### Problem to solve
Starting at the top line, print the entries below exactly as they are and skip every picture.

### Supplied records
....
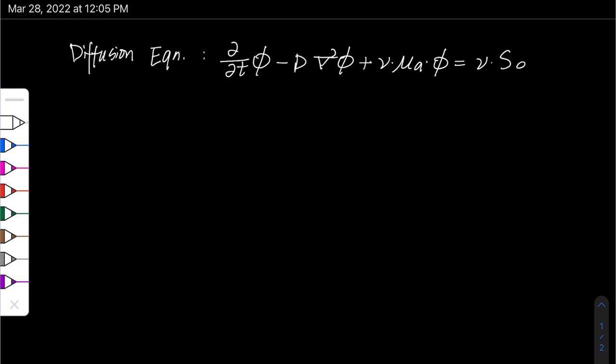So now we have our diffusion equation. From this diffusion equation, we will derive the solution of this diffusion equation.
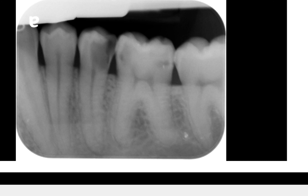Hello everyone, this is Sung Kim. In this video, we're going to look at how graft material appears in CBCT scan after extraction and potential anatomic considerations that you should pay close attention to, especially if you're doing an implant treatment plan in the premolar region.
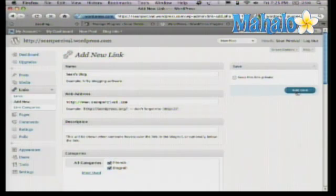That link will now appear on your blog. Most themes have built-in availability for displaying these, so once you actually add that link in there, you'll see it adds it to the right rail or wherever the real estate will accommodate the links section. If you want to learn more about WordPress, please check out any of these videos above here.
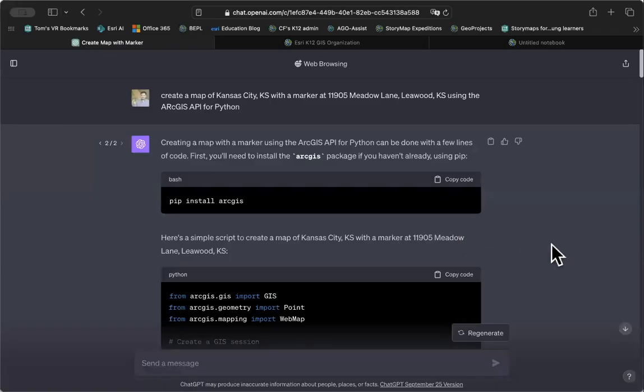Hi, this is Tom again, and this time we're going to use ChatGPT-4 plus the Bing plugin to generate some Python code which is going to create a map for us in ArcGIS Online.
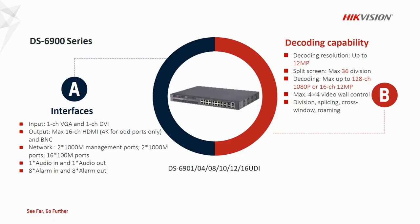Hi everyone, today I'm going to introduce how to quickly start 6900 series decoder.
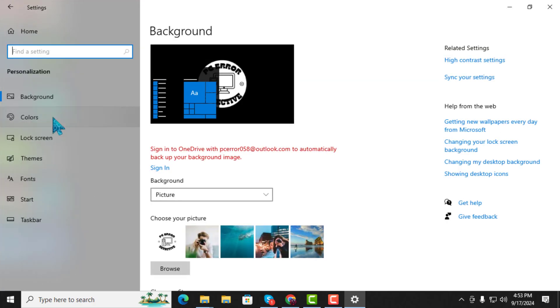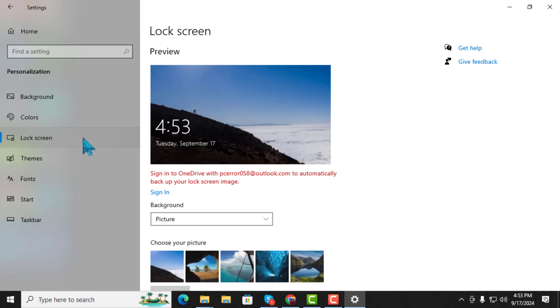Step 3. On the left sidebar, click on the Lock Screen option.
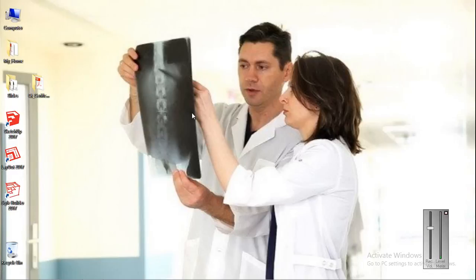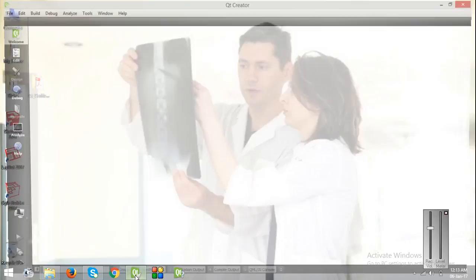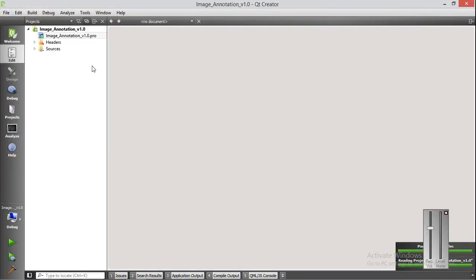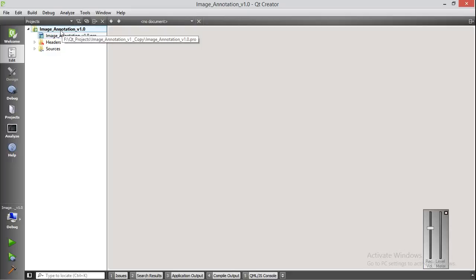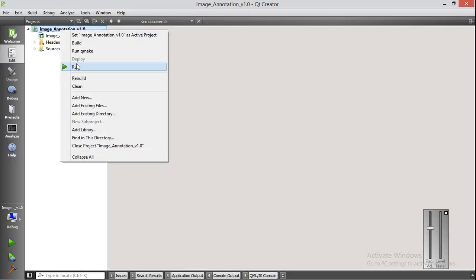We have developed an image annotation tool. Let me launch it. I am opening Qt Creator and running our image annotation tool.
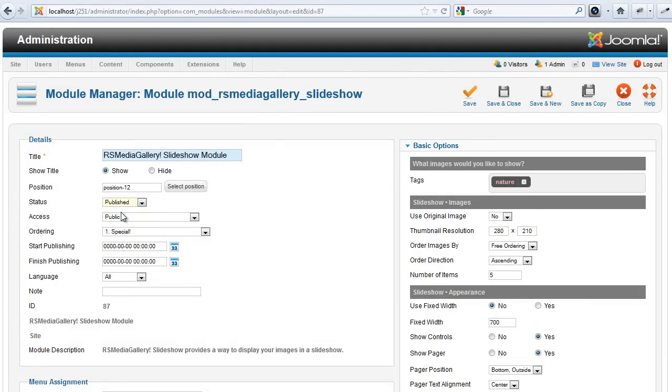Edit the RS Media Gallery slider module, add the tags, set up the parameters, and you're ready to go.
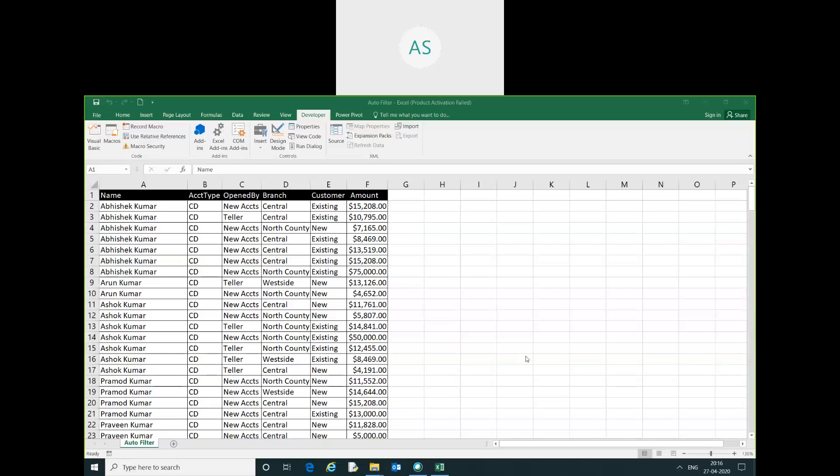Good evening friends, my name is Akash. In this video, we are going to learn how to use autofilter through VBA coding. Let's see.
....
### Answer
So now we have our diffusion equation. From this diffusion equation, we will derive the solution of this diffusion equation.
Hello everyone, this is Sung Kim. In this video, we're going to look at how graft material appears in CBCT scan after extraction and potential anatomic considerations that you should pay close attention to, especially if you're doing an implant treatment plan in the premolar region.
That link will now appear on your blog. Most themes have built-in availability for displaying these, so once you actually add that link in there, you'll see it adds it to the right rail or wherever the real estate will accommodate the links section. If you want to learn more about WordPress, please check out any of these videos above here.
Hi, this is Tom again, and this time we're going to use ChatGPT-4 plus the Bing plugin to generate some Python code which is going to create a map for us in ArcGIS Online.
Hi everyone, today I'm going to introduce how to quickly start 6900 series decoder.
Step 3. On the left sidebar, click on the Lock Screen option.
We have developed an image annotation tool. Let me launch it. I am opening Qt Creator and running our image annotation tool.
Edit the RS Media Gallery slider module, add the tags, set up the parameters, and you're ready to go.
Good evening friends, my name is Akash. In this video, we are going to learn how to use autofilter through VBA coding. Let's see.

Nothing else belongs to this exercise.